- **WHAT TO WORK ON**:
Look through the records below and collect all lines that hold the string "Terrier".

══ ENTRIES SUPPLIED

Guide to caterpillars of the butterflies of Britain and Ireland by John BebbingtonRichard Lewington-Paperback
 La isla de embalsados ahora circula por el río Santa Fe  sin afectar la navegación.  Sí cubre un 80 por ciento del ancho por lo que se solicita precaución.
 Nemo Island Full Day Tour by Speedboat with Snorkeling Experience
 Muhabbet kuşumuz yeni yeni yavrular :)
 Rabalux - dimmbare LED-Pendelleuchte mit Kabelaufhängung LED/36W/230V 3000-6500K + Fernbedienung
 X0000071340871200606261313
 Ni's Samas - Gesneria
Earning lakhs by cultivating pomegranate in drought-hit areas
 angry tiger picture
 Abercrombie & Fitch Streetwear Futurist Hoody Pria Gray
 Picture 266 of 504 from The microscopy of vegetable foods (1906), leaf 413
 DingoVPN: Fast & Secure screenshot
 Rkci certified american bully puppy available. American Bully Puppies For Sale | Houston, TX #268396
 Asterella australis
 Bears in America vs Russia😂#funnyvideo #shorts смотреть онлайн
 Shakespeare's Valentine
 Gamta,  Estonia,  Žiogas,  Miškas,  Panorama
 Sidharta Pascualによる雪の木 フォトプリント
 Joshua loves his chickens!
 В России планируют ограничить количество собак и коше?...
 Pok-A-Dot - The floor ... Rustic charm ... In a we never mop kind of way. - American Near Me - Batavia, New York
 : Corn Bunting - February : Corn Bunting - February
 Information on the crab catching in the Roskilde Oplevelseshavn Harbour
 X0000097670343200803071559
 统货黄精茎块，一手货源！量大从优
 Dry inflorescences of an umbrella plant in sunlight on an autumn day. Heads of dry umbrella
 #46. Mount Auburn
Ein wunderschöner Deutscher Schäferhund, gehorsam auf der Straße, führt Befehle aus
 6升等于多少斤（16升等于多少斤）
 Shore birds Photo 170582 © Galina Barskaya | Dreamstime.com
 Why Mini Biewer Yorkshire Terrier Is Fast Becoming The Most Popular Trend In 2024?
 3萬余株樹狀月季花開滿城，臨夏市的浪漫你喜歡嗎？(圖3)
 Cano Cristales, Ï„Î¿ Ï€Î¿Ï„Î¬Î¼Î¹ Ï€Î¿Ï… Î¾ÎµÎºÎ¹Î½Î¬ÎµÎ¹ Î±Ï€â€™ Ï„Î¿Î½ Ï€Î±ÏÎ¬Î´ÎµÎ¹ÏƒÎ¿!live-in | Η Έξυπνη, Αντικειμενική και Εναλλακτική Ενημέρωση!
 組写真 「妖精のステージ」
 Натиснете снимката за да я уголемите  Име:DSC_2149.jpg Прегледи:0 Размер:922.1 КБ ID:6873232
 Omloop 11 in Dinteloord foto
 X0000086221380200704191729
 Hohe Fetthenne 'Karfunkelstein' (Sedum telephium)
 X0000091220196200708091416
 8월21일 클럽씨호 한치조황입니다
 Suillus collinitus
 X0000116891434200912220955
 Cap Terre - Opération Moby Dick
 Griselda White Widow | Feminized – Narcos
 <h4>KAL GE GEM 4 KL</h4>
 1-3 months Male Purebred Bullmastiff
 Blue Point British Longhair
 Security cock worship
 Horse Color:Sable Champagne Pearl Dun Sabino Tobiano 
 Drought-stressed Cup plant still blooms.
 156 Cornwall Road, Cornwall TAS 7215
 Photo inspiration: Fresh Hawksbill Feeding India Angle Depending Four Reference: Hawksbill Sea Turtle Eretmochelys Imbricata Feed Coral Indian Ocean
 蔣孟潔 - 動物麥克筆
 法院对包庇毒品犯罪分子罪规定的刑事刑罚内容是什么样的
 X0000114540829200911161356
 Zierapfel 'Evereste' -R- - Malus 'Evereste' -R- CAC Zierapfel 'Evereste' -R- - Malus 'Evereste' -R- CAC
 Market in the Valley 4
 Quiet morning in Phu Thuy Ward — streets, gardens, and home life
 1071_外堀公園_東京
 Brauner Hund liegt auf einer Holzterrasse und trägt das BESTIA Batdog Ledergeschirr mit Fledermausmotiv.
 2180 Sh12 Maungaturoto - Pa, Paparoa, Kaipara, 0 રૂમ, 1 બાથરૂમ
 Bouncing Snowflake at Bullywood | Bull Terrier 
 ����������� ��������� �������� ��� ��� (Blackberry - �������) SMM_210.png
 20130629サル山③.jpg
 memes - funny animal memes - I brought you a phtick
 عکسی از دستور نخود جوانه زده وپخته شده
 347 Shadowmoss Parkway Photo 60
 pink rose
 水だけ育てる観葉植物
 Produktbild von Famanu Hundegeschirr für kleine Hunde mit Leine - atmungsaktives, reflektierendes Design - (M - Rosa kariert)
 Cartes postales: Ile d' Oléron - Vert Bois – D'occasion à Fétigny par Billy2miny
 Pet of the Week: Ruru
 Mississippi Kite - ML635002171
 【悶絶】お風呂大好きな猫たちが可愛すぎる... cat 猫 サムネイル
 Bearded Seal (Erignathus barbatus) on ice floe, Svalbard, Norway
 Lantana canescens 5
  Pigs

════

- **RESPONSE AREA**:
 Why Mini Biewer Yorkshire Terrier Is Fast Becoming The Most Popular Trend In 2024?
 Bouncing Snowflake at Bullywood | Bull Terrier 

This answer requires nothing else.